Robert J. Fleming, ed., Canadian
Legislatures 1987/1988 (Ottawa: Ampersand Communications Services, 1988)
Parliamentarians, academics,
legislative staff and others who have come to depend on this invaluable annual
yearbook will be pleased to see that it continues to appear despite the editor's
departure from the Ontario Legislature, which published previous editions. They
will be less pleased that the shift to a private sector publisher has meant
more than a three-fold price increase.
Canadian Legislatures continues to
be an authoritative source of information on administrative structures,
budgets, support services for members, members' indemnities and allowances and
a host of related topics. The data, covering the House of Commons, the ten
provincial houses and the two territorial assemblies, are arrayed in easily
read tables. As in previous editions, only limited discussion accompanies the
tables. Although the text points up the more noteworthy changes from past
years, it might have been better had all changes been indicated in the tables.
An innovation in this edition is
the presentation of extensive data on committees, including a comprehensive
listing of all legislative committees in Canada together with their mandates.
However, since some committees exist only on paper, rarely if ever meeting, it
is disappointing that the listing offers little indication of most committees'
level of activities. For the first time, the Senate finds its way into Canadian
Legislatures. Among the intriguing information included on the Senate is a
province-by- province rundown of where vacancies can be expected until the year
2000. Whether this is provided so that armchair analysts can speculate on the
party composition of future Senates under Meech Lake or so that would-be
Senators can plot their strategies is not specified.

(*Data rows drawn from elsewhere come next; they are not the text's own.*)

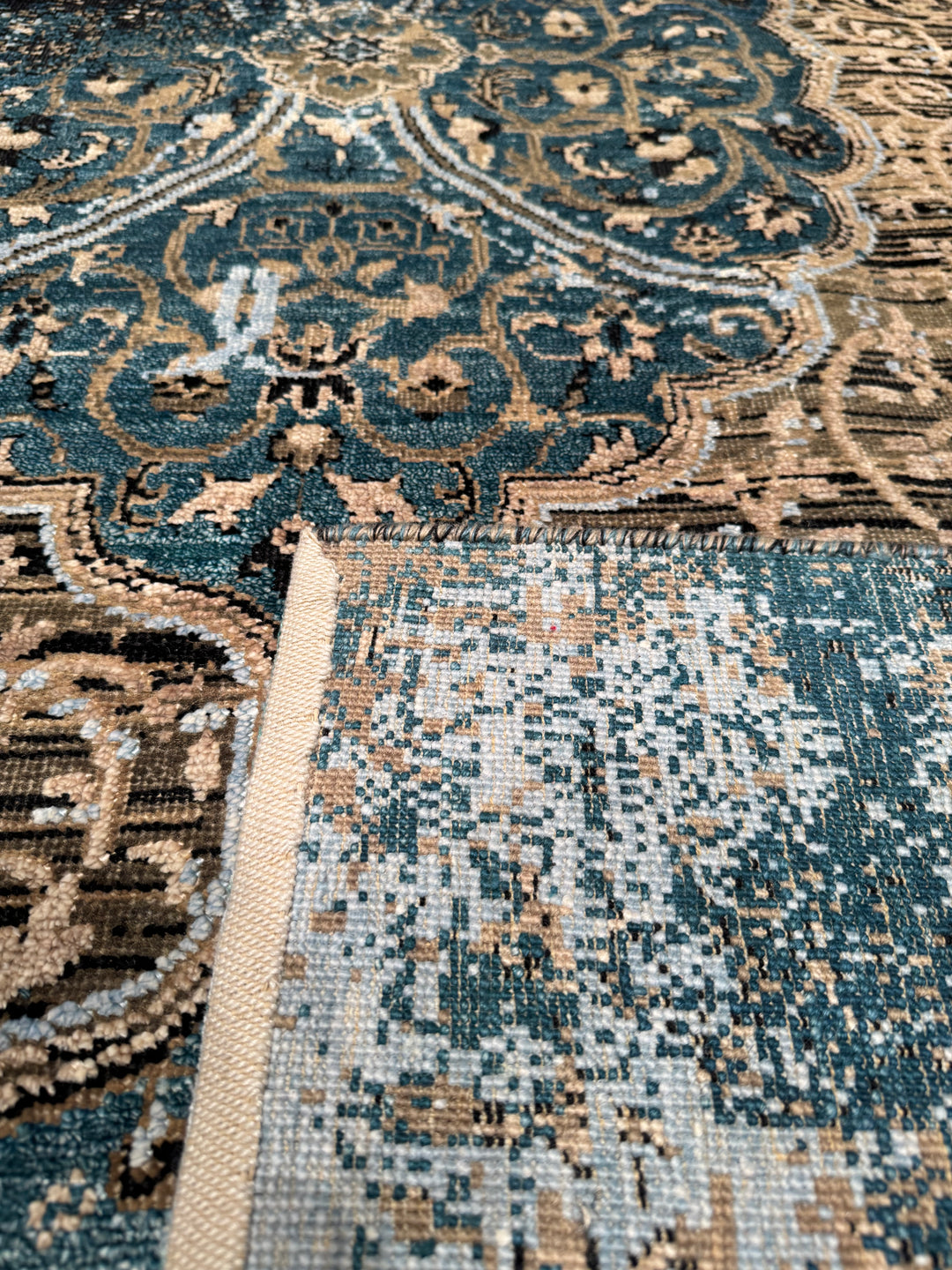 Oxidised Original Hand Woven Blue Wool Silk Carpet 245x308 7.55 Square Meters - 8x10 ft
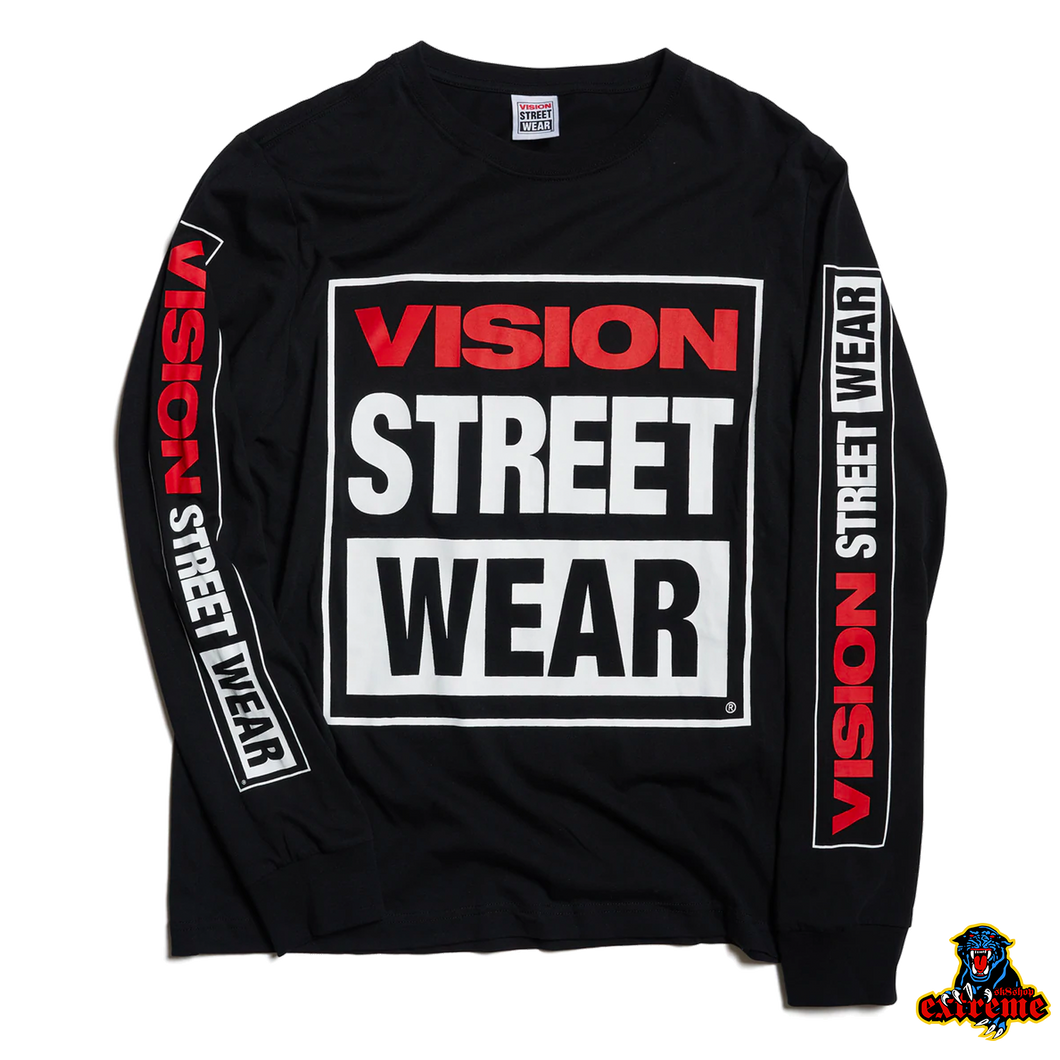 VISION STREETWEAR LONGSLEEVE T-SHIRT OG BOX LOGO Black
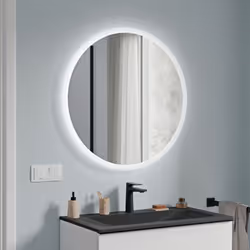 Miroir éclairé à LED VARO rond avec éclairage direct et indirect - Détecteur de mouvement avec fonction de variation d'intens ...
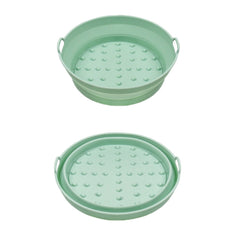 Air Fryer Grill Mat High Temperature Resistant Silicone Baking Tray, Specification: Round Inner Red, Rectangular Blue, Small Round Dark Blue, Small Round Green, Small Round Gray, Small Round Blue, Large Round Dark Blue, Large Round Green, Large Round G...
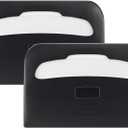 Commercial Toilet Seat Cover Dispenser Wall Mount (2-Pack), Black Half-Fold Toilet Seat Cover Holder for Bathroom/Restroom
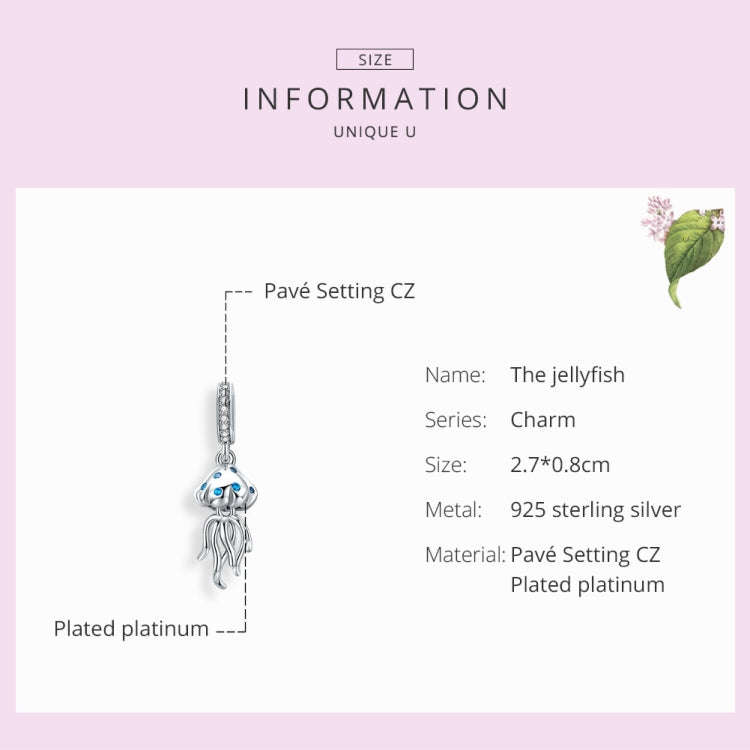 S925 Sterling Silver Jellyfish Pendant DIY Bracelet Necklace Accessories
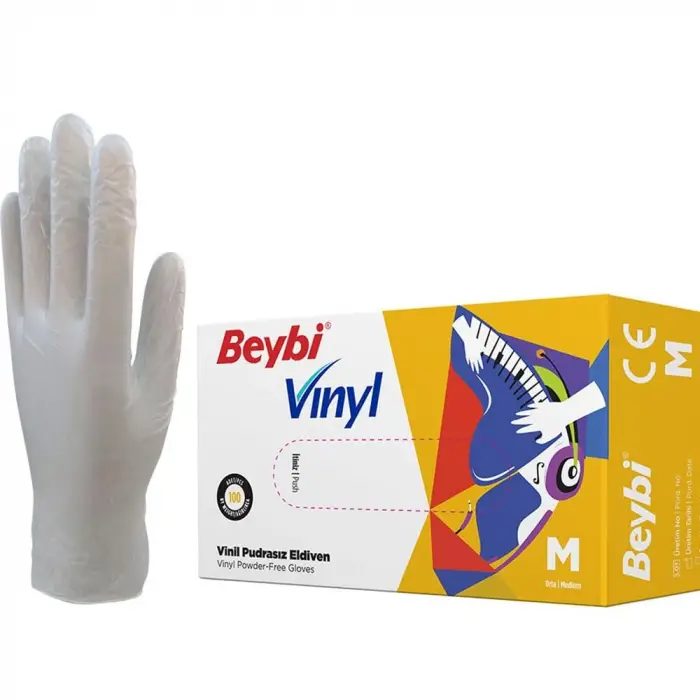 Vınyl (Vinil) Eldiven (Temizlik, Gıda, Kuaför, Bahçe, İŞ Eldiveni) (Medium (Orta))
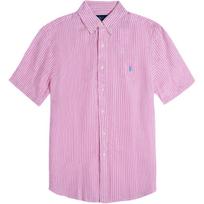 Polo Ralph Lauren Striped Pony Logo Embroidered Short Sleeve Linen Shirt Men shirts Pink 710802622-002 XS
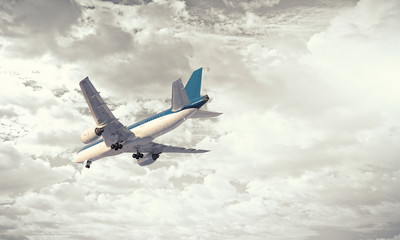 Airliner in sky. Mixed media
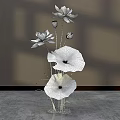 Floral Art Display With White Orange Edged Lotus Flowers Brown Leaves And Crystal Base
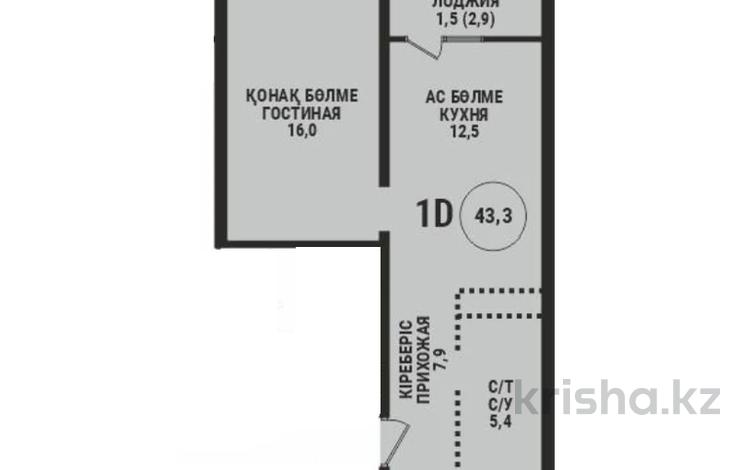 1-бөлмелі пәтер · 43.2 м² · 12/12 қабат, Райымбека 210/27 БЕЗ КОМИССИИ, бағасы: ~ 33.2 млн ₸ в Алматы, Алмалинский р-н — фото 3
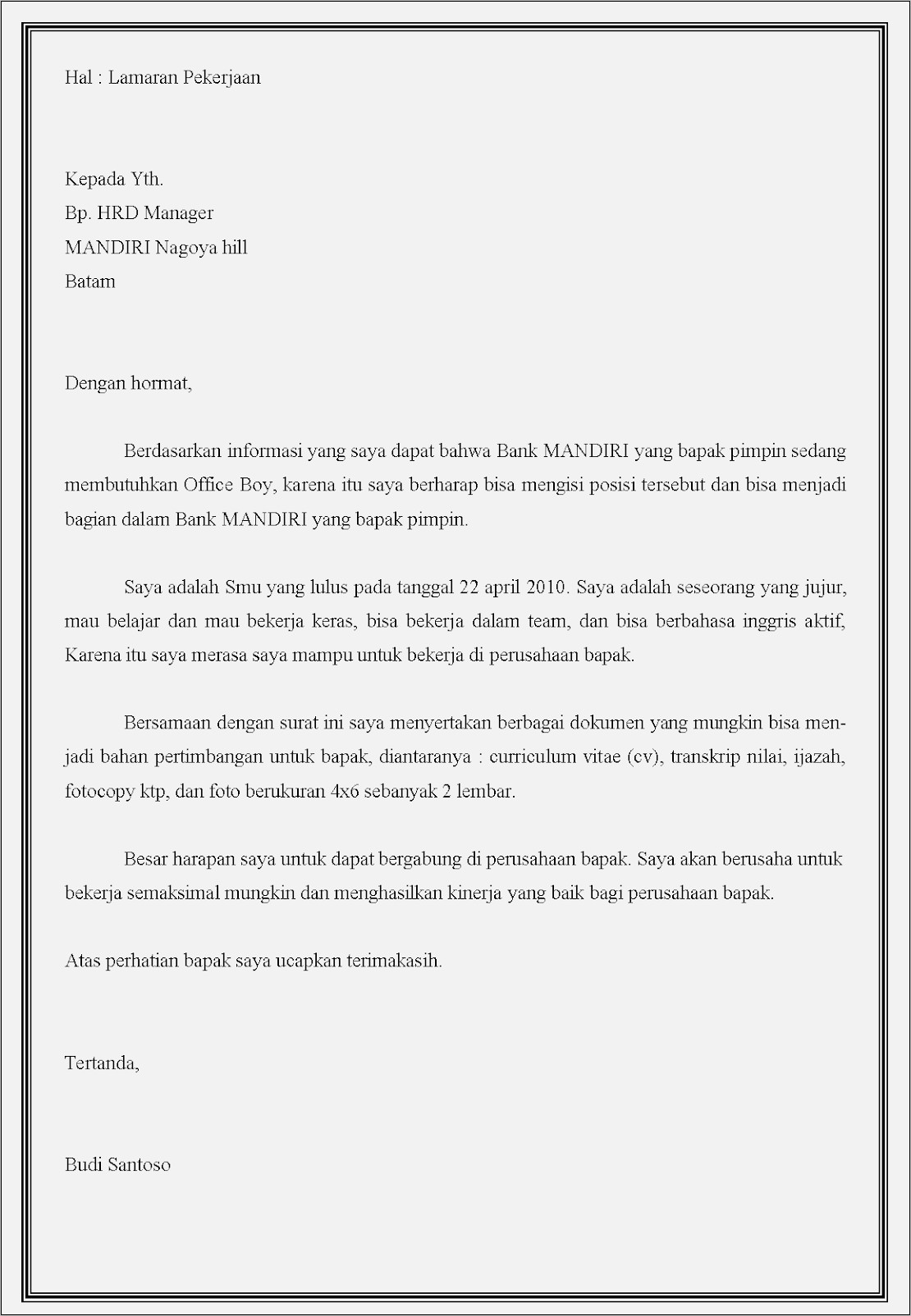 Detail Contoh Surat Lamaran Bank Muamalat Nomer 30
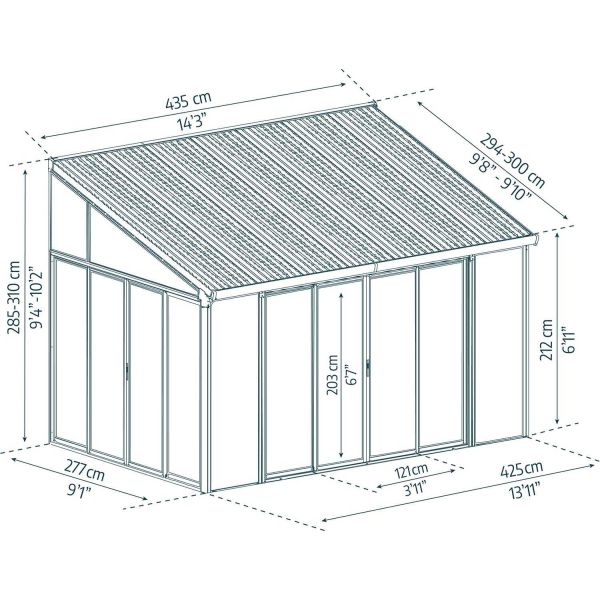 Véranda en aluminium blanc et polycarbonate SanRemo - PAA-0393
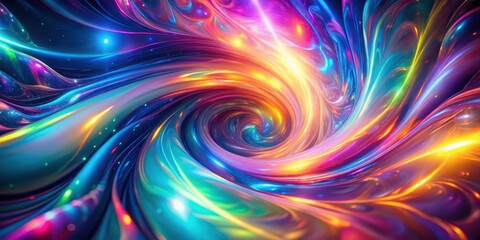 Swirling psychedelic colors blend with holographic light effects, colorful, holographic,  colorful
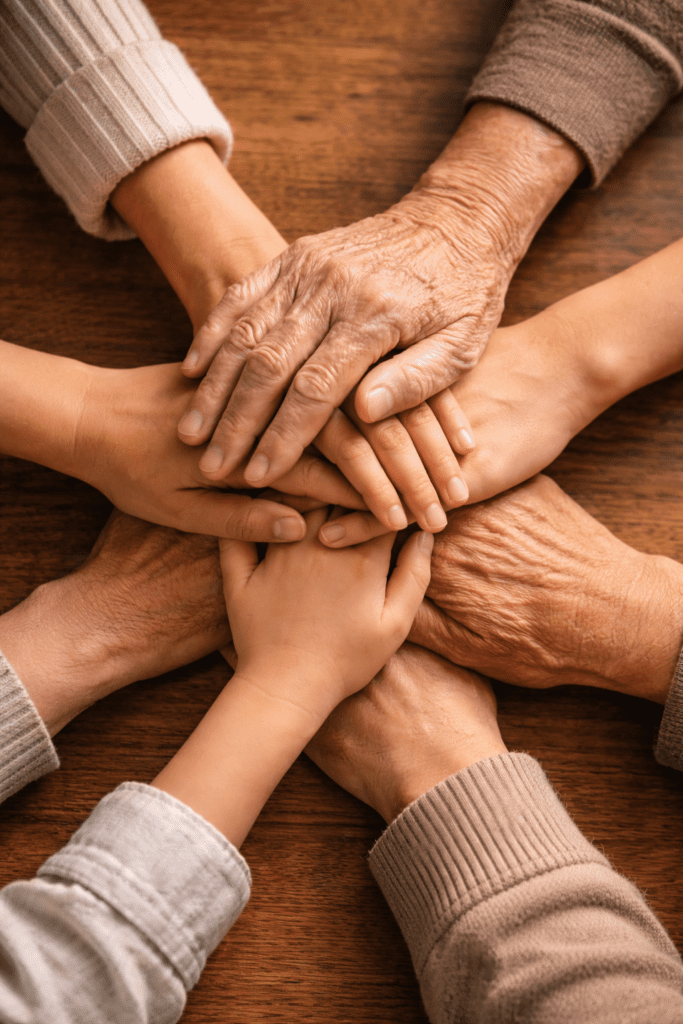 Tumpukan tangan berbagai usia saling menopang, simbol kuat peran keluarga dalam pemulihan trauma sebagai sistem pendukung.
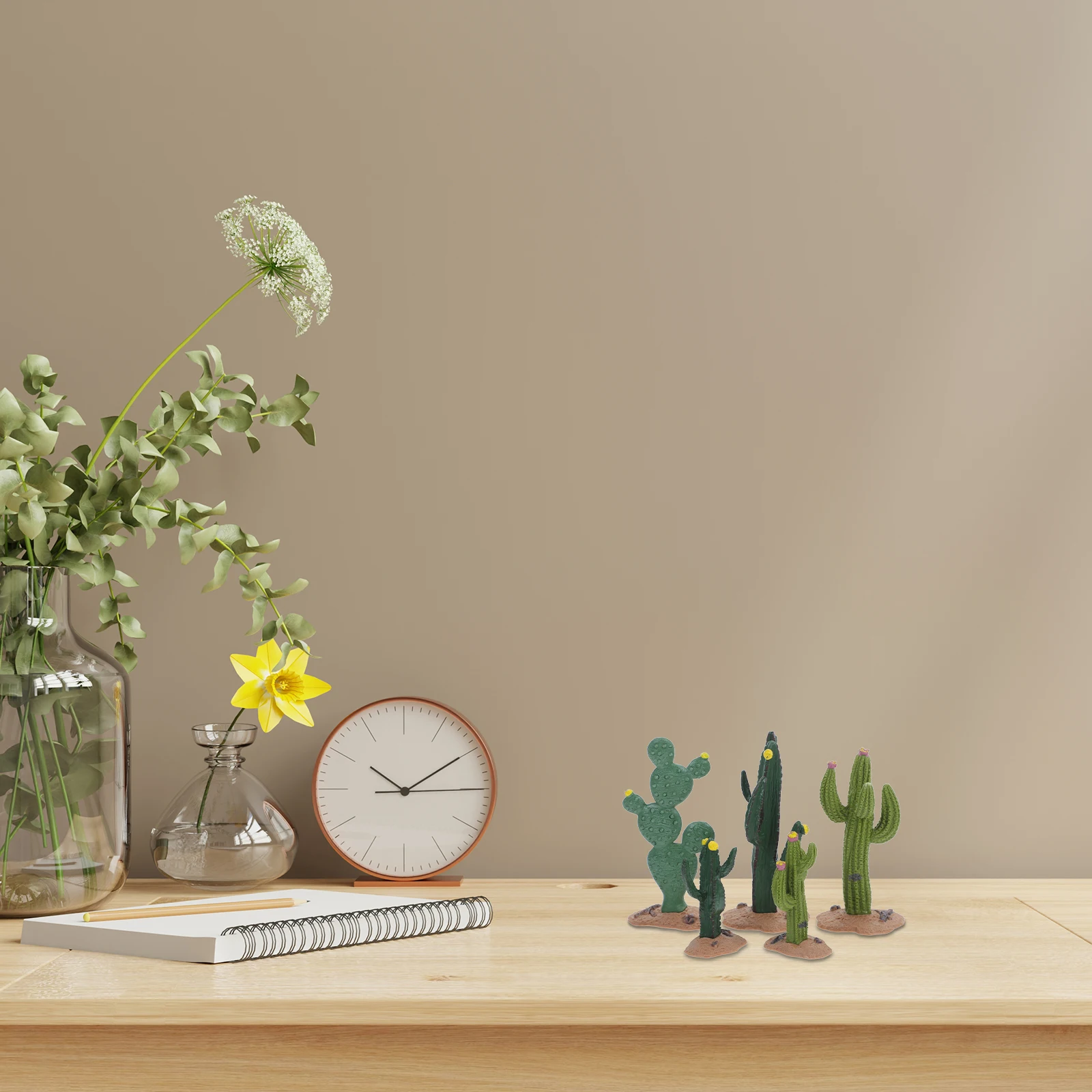 5 Pcs Cactus nament Artificial Figurines Decorative Plants Simulation Office Desktop Decor Simulated Crafts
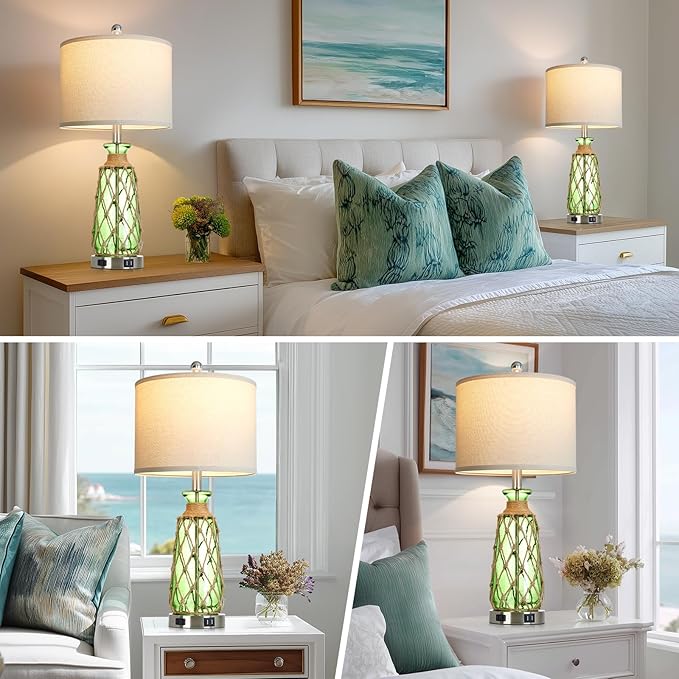 25.5" Green Glass Table Lamps Set of 2, 3-Way Dimmable Touch Control Bedside Lamps with 2 USB Ports and AC Outlet, Coastal Nightstand Lamp for Bedroom Living Room (LED Bulbs Included)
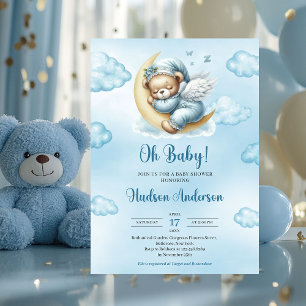 Teddy bear angels wings sleeping over the moon invitation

Two brief sections offer some
international perspective. One sets out basic data on American state
legislatures size, expenditures, salaries and the like. The other offers a
short, primarily statistical review of West German legislatures, with the main
emphasis on members' remuneration and benefits. Neither section attempts to go
beyond the statistics into comparison of the operation or effectiveness of
Canadian, American and German legislatures.
The 1987-88 edition continues the
practice, begun in 1986, of supplementing the statistical material with a
number of mainly short essays on matters parliamentary. All are worth reading,
though inevitably the quality varies a good deal. David Nethering on "The
Role of State and Provincial Legislatures" and Lothar Spath on "The
New Politics" are long on high-sounding rhetoric but short on substance.
Also disappointing is the piece entitled "Group Dynamics of the
Legislative Process" by Dr Jim Henderson, a psychiatrist who is also a
member of the Ontario Legislature. Rather than bringing the insights of his
profession to bear on his fellow MPPs, which might have truly fascinating,
Henderson concentrates on attacking party discipline.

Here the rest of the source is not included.